Try it: Each line below needs to be returned exactly. Skip any picture.

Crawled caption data
╭──

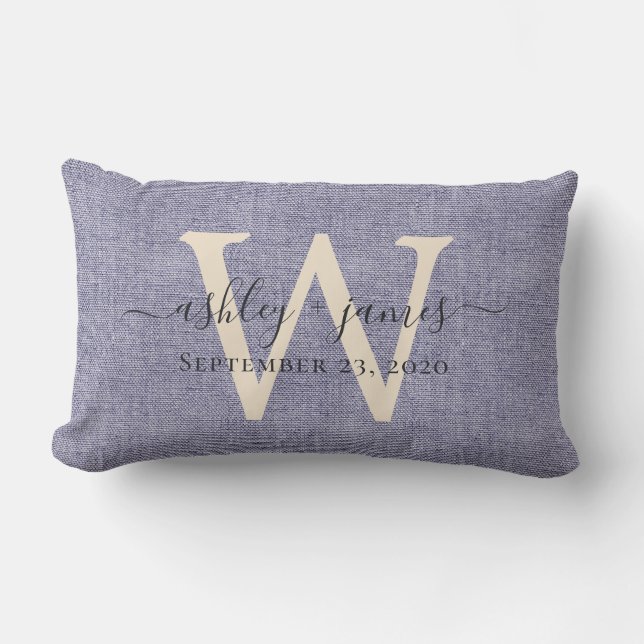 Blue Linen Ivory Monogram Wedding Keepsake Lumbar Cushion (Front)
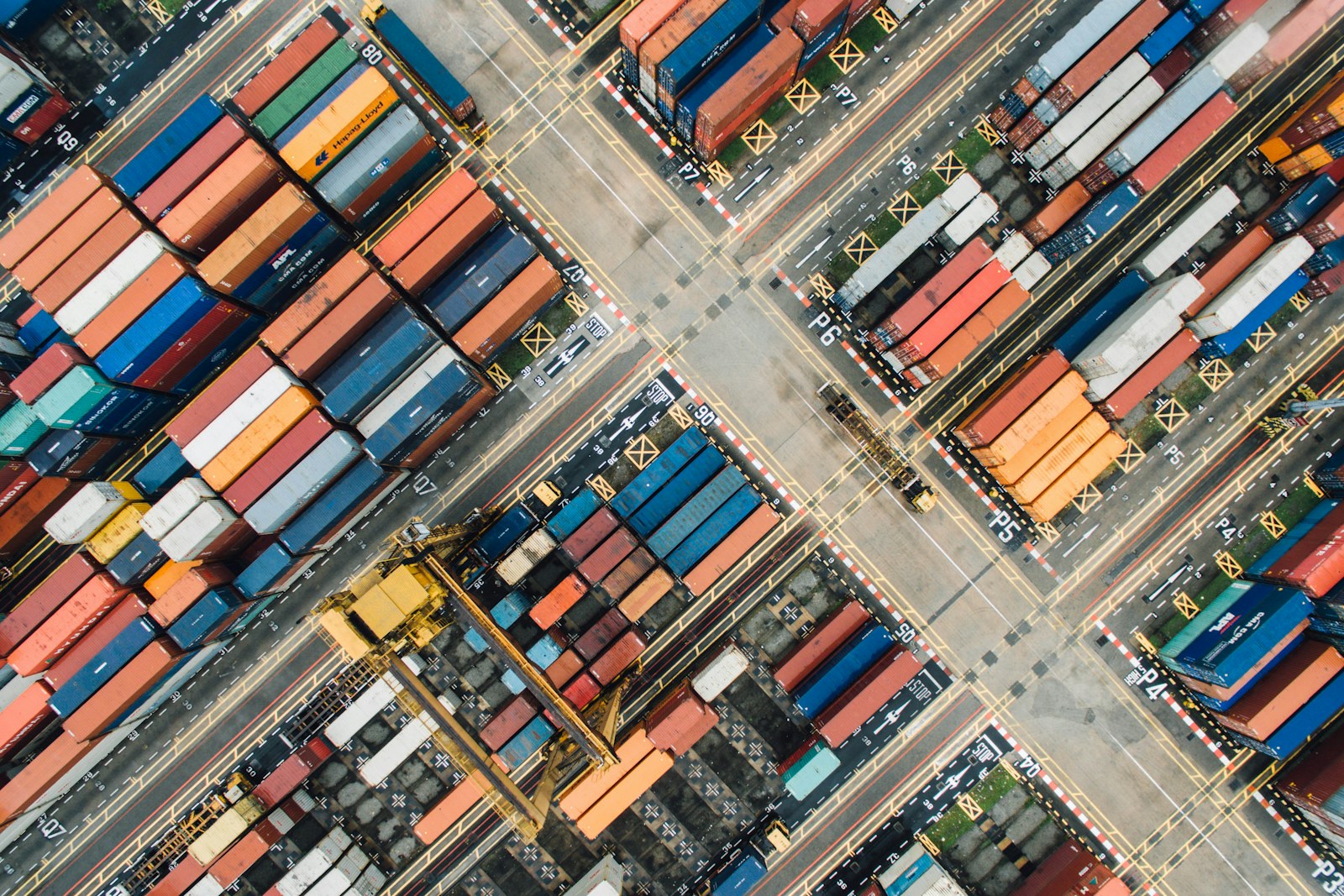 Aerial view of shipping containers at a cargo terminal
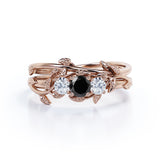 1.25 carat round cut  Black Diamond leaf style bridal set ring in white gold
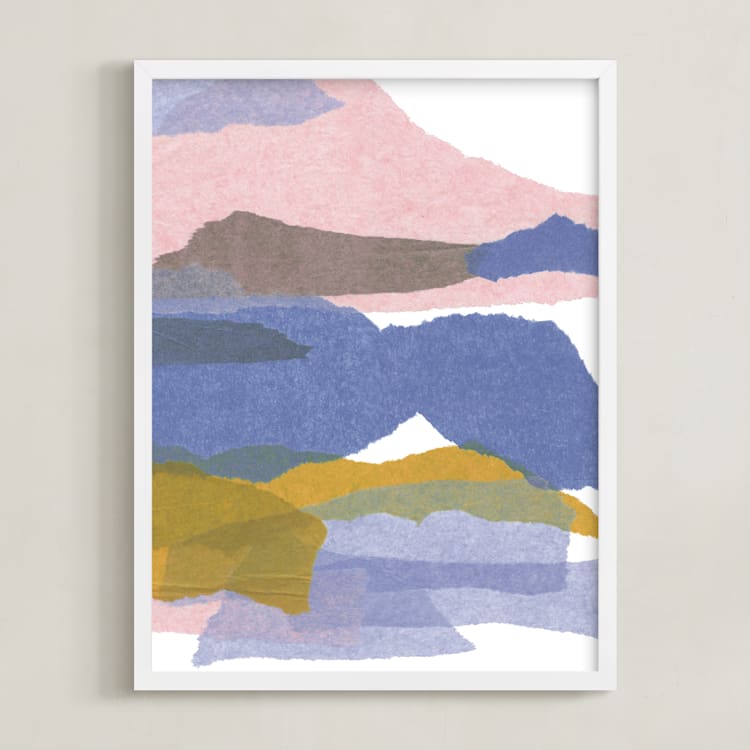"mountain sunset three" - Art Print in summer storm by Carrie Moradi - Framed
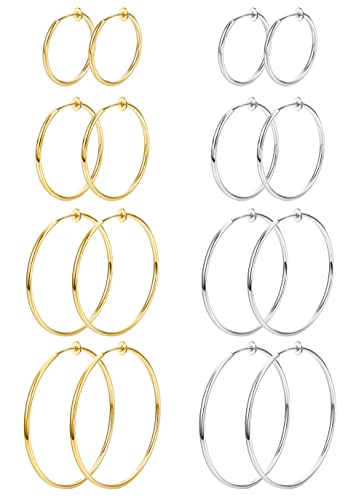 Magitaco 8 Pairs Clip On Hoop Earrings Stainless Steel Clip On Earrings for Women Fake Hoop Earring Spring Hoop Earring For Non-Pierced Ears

╰──

Solution to this exercise:
 Blue Linen Ivory Monogram Wedding Keepsake Lumbar Cushion (Front)
 Aerial view of shipping containers at a cargo terminal
 1.25 carat round cut  Black Diamond leaf style bridal set ring in white gold
"mountain sunset three" - Art Print in summer storm by Carrie Moradi - Framed
 Magitaco 8 Pairs Clip On Hoop Earrings Stainless Steel Clip On Earrings for Women Fake Hoop Earring Spring Hoop Earring For Non-Pierced Ears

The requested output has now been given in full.